====== Given data ======

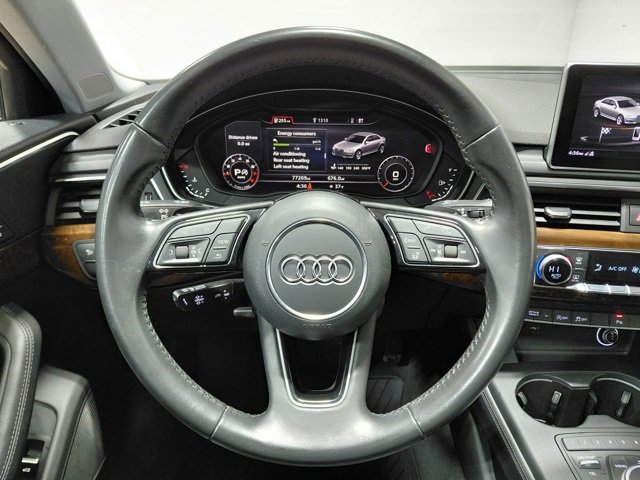 Used 2019 Audi A4 2.0T Prestige image 31
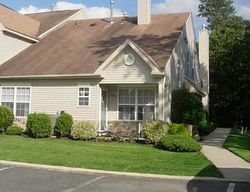 Pre-foreclosure Listing in FALCON CT MAYS LANDING, NJ 08330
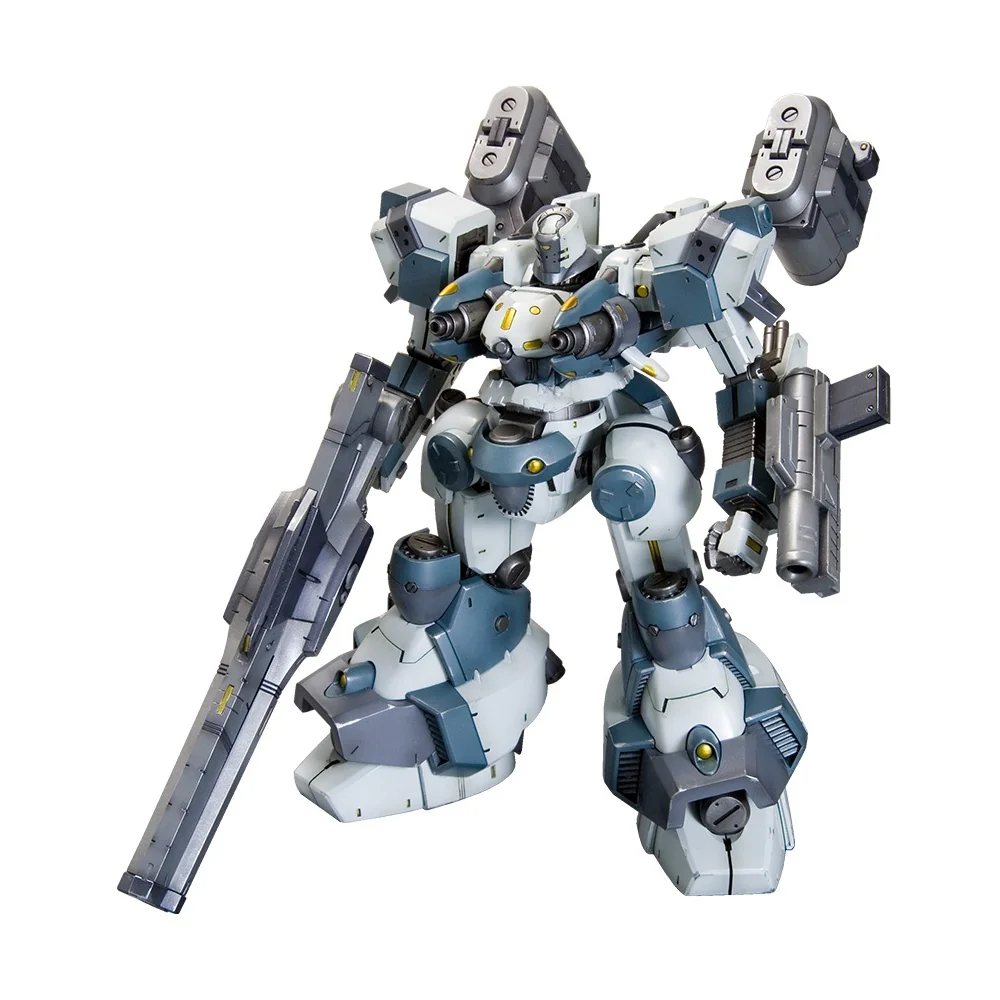 Kotobukiya Armored Core 1/72 Mirage C04-ATLAS Fox Eye Ver 4934054064984 (Plastic Model) Kotobukiya Armored Core 1/72 Mirage C04-ATLAS Fox Eye Ver 4934054064984 (Plastic Model)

======

Task requirements.
Reprint the listing above verbatim but drop the images.

Finished exercise.
 Used 2019 Audi A4 2.0T Prestige image 31
 Pre-foreclosure Listing in FALCON CT MAYS LANDING, NJ 08330
 Kotobukiya Armored Core 1/72 Mirage C04-ATLAS Fox Eye Ver 4934054064984 (Plastic Model) Kotobukiya Armored Core 1/72 Mirage C04-ATLAS Fox Eye Ver 4934054064984 (Plastic Model)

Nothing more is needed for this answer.